En la poesía del Siglo de Oro ya puede encontrarse el término potosí para designar el valor extraordinario de algo. Hacía referencia a una ciudad fundada a mediados del siglo XVI en el virreinato del Perú, en la actual Bolivia, centro de una región rica en minas de plata. El propio Cervantes alude a esta circunstancia en la segunda parte del Quijote, cuando el hidalgo se dirige a su escudero en estos términos: «el tesoro de Venecia, las minas del Potosí fueran poco para pagarte». Las minas del Potosí, que enseguida fue una de las principales ciudades del Nuevo Mundo, comenzaron, por desgracia, a dar muestras de agotamiento poco mas de ciento cincuenta años después de su hallazgo. Lo que en principio parecía riqueza interminable concluyó a comienzos el siglo XVIII, pero la expresión valer un potosí ya estaba plenamente incorporada al español. En la actualidad, compite con ventaja con valer un Perú, variante de reminiscencias también hispanoamericanas.

La expresión ¡Esto es jauja! Se utiliza para expresar júbilo ante el bienestar y la abundancia. La decimoquinta edición del diccionario académico, de 1925, recogió por vez primera esta acepción de jauja, que definió así: ´Nombre con que se denota todo lo que quiere presentarse como tipo de prosperidad y abundancia´. La ciudad de Jauja fue fundada por Pizarro en 1534, en el corazón del antiguo Imperio inca, antes de hacer de Lima su capital. La bonanza del clima y la fertilidad del territorio convirtieron el lugar en símbolo de riqueza y felicidad, gracias, en gran medida, a la pluma hiperbólica de Lope de Rueda. Al dramaturgo se debe la obra titulada La tierra de Jauja (1547), donde se describe una suerte de paraíso idílico en el que fluyen ríos de leche y miel, y donde hasta «pagan a los hombres por dormir».

Si Potosí y Jauja tienen un referente real, El Dorado es legendario. A esta mítica tierra, situada al parecer en algún lugar del antiguo virreinato de Nueva Granada, se asoció tal abundancia de oro y riquezas que desde mediados del siglo XVI las expediciones se multiplicaron en su busca, aunque concluyeron en fracaso. El topónimo esta parcialmente lexicalizado, de modo que cuando alguien busca El Dorado, busca algo que le va a procurar gran fortuna o riqueza, y tiene a menudo connotaciones de vana ilusión.

Cruzar el charco para hacer las Américas siempre fue una aventura arriesgada.
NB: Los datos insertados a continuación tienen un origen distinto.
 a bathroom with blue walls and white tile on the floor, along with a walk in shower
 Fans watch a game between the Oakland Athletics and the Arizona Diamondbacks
La locución alude a los emigrantes que, en especial desde finales del siglo XIX, embarcaron rumbo al Nuevo Mundo en busca de una vida mejor. Más allá de El Dorado, Jauja y Potosí, las Indias fueron para muchos, tierra de oportunidades. A quienes regresaron enriquecidos a España se les denominó indianos. Las casas que edificaron simbolizaron su buena fortuna. Incorporaron detalles propios del Nuevo Mundo. Ejemplo claro de ello son las palmeras plantadas ante las fachadas, que pueden verse todavía en aquellas regiones en que la emigración a América fue más intensa.

(Fuente: Nunca lo hubiera dicho, Taurus, Madrid, Real Academia Española, Asociación de Academias de la Lengua Española, págs. 193, 194 y 195).